____ ENTRIES PROVIDED
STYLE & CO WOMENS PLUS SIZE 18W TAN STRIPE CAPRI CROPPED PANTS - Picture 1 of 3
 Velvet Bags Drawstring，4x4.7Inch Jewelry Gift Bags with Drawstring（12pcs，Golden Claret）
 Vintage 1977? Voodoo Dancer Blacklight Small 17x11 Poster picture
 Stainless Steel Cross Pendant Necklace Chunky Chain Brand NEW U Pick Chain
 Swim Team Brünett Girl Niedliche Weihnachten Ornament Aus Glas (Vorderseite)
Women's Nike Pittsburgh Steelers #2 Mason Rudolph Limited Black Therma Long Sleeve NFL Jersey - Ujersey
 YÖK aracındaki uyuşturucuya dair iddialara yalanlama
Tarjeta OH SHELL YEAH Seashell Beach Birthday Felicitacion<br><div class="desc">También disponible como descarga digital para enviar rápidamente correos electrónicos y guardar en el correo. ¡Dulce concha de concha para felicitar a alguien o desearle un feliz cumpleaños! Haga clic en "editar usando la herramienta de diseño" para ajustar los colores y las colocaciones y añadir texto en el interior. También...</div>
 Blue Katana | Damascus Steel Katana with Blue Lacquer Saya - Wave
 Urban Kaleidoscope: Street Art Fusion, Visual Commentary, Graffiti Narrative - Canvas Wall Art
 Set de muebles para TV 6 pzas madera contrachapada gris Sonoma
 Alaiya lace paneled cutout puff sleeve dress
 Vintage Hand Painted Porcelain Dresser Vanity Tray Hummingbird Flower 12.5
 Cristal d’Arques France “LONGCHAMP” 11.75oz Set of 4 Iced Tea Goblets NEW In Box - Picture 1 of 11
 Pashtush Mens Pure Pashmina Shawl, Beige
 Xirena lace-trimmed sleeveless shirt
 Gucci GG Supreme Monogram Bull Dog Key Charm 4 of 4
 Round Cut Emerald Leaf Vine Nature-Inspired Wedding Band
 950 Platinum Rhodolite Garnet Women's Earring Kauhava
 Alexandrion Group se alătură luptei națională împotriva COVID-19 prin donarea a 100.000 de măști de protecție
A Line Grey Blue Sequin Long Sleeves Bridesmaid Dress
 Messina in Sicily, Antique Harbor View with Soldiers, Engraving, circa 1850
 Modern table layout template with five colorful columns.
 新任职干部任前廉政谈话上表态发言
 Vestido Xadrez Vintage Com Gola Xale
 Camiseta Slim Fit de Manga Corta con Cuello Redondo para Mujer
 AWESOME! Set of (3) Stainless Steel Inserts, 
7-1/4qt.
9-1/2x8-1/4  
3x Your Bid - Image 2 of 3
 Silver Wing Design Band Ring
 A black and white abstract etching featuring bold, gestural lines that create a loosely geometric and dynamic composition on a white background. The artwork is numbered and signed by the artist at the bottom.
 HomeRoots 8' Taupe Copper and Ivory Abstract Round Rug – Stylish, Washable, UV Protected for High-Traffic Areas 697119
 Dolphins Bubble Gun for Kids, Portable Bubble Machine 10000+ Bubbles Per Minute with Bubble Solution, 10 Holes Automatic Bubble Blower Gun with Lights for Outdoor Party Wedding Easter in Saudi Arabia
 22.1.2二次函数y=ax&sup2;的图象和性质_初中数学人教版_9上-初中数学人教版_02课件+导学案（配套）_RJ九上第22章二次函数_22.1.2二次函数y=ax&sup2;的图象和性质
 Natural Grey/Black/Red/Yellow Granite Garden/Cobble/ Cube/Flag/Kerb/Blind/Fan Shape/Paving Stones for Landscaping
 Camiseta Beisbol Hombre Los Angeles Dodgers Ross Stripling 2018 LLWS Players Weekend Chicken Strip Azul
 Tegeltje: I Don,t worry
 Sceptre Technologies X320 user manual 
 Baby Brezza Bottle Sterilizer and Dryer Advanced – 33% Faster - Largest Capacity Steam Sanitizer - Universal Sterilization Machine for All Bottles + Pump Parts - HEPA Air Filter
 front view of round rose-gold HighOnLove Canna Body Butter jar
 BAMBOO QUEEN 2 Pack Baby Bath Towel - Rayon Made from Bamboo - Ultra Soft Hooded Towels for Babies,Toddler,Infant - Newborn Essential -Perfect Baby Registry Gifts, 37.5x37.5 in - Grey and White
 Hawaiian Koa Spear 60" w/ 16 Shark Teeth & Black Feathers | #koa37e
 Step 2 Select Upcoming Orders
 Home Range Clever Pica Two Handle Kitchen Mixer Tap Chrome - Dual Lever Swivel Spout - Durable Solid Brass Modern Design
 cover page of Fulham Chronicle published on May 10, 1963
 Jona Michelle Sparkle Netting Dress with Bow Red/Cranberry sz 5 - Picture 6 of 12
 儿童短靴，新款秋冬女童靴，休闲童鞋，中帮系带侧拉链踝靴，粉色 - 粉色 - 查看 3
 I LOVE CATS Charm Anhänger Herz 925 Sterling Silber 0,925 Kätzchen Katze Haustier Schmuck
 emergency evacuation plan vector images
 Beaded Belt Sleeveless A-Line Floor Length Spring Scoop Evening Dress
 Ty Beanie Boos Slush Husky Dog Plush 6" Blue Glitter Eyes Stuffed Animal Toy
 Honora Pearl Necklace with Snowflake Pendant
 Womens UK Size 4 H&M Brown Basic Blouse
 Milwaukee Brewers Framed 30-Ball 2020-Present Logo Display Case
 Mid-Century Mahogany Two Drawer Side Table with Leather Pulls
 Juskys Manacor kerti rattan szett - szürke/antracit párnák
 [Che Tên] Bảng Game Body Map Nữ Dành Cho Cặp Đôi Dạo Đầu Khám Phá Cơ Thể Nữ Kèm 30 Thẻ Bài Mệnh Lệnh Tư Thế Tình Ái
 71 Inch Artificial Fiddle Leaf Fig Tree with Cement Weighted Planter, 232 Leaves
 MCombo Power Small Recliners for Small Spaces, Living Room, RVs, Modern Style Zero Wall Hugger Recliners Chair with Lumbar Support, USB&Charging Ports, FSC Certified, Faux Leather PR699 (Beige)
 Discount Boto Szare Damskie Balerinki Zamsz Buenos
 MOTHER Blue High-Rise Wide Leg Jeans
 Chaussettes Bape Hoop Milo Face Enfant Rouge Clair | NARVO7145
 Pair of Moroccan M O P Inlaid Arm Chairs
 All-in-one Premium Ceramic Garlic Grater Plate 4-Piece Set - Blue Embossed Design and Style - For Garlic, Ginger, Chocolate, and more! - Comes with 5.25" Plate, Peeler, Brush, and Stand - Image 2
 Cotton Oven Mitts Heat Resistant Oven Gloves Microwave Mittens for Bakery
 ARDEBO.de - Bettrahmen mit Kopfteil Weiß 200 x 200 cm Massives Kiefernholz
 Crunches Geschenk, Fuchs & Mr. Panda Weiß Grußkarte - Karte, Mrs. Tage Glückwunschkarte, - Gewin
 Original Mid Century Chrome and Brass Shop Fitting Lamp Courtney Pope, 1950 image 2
________
■ **EXERCISE**:
All that is wanted is the stretch of lines above from the one containing "950 Platinum Rhodolite" through the one containing "Dolphins Bubble Gun", duplicated exactly.

■ **TASK RESPONSE**:
 950 Platinum Rhodolite Garnet Women's Earring Kauhava
 Alexandrion Group se alătură luptei națională împotriva COVID-19 prin donarea a 100.000 de măști de protecție
A Line Grey Blue Sequin Long Sleeves Bridesmaid Dress
 Messina in Sicily, Antique Harbor View with Soldiers, Engraving, circa 1850
 Modern table layout template with five colorful columns.
 新任职干部任前廉政谈话上表态发言
 Vestido Xadrez Vintage Com Gola Xale
 Camiseta Slim Fit de Manga Corta con Cuello Redondo para Mujer
 AWESOME! Set of (3) Stainless Steel Inserts, 
7-1/4qt.
9-1/2x8-1/4  
3x Your Bid - Image 2 of 3
 Silver Wing Design Band Ring
 A black and white abstract etching featuring bold, gestural lines that create a loosely geometric and dynamic composition on a white background. The artwork is numbered and signed by the artist at the bottom.
 HomeRoots 8' Taupe Copper and Ivory Abstract Round Rug – Stylish, Washable, UV Protected for High-Traffic Areas 697119
 Dolphins Bubble Gun for Kids, Portable Bubble Machine 10000+ Bubbles Per Minute with Bubble Solution, 10 Holes Automatic Bubble Blower Gun with Lights for Outdoor Party Wedding Easter in Saudi Arabia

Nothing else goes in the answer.